Just for Today
June 29, 2026
Keeping recovery fresh
Page 187
"Complacency is the enemy of members with substantial clean time. If we remain complacent for long, the recovery process ceases."
Basic Text, p. 84
After the first couple of years in recovery, most of us start to feel like there are no more big deals. If we've been diligent in working the steps, the past is largely resolved and we have a solid foundation on which to build our future. We've learned to take life pretty much as it comes. Familiarity with the steps allows us to resolve problems almost as quickly as they arise.

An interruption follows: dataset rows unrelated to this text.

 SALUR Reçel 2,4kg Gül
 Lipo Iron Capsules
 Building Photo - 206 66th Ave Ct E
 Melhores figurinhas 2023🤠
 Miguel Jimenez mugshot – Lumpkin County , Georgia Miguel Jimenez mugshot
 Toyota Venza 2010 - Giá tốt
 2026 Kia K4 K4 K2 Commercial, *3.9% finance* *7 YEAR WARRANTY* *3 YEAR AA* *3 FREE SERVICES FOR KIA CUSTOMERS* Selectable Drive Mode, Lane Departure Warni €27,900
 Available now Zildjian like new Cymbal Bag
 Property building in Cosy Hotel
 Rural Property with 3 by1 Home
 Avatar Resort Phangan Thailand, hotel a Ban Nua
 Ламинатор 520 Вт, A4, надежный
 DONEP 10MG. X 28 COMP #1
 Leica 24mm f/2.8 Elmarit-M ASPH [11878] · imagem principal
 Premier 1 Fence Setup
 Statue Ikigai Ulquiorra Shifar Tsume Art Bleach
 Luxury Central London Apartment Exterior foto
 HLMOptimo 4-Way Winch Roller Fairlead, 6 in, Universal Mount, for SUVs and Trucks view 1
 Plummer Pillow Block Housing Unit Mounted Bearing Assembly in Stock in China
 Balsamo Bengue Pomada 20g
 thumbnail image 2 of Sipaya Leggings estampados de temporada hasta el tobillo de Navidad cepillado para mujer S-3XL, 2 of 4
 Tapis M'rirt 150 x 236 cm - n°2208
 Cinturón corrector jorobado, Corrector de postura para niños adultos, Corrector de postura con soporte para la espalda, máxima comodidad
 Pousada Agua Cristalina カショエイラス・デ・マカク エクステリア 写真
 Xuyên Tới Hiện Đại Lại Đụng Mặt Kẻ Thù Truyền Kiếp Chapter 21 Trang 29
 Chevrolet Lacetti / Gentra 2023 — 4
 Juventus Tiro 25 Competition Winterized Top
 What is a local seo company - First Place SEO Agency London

Once we discover this level of comfort, we may tend to treat it as a "rest stop" on the recovery path. Doing so, however, discounts the nature of our disease. Addiction is patient, subtle, progressive, and incurable. It's also fatal--we can die from this disease, unless we continue to treat it. And the treatment for addiction is a vital, ongoing program of recovery.
The Twelve Steps are a process, a path we take to stay a step ahead of our disease. Meetings, sponsorship, service, and the steps always remain essential to ongoing recovery. Though we may practice our program somewhat differently with five years clean than with five months, this doesn't mean the program has changed or become less important, only that our practical understanding has changed and grown. To keep our recovery fresh and vital, we need to stay alert for opportunities to practice our program.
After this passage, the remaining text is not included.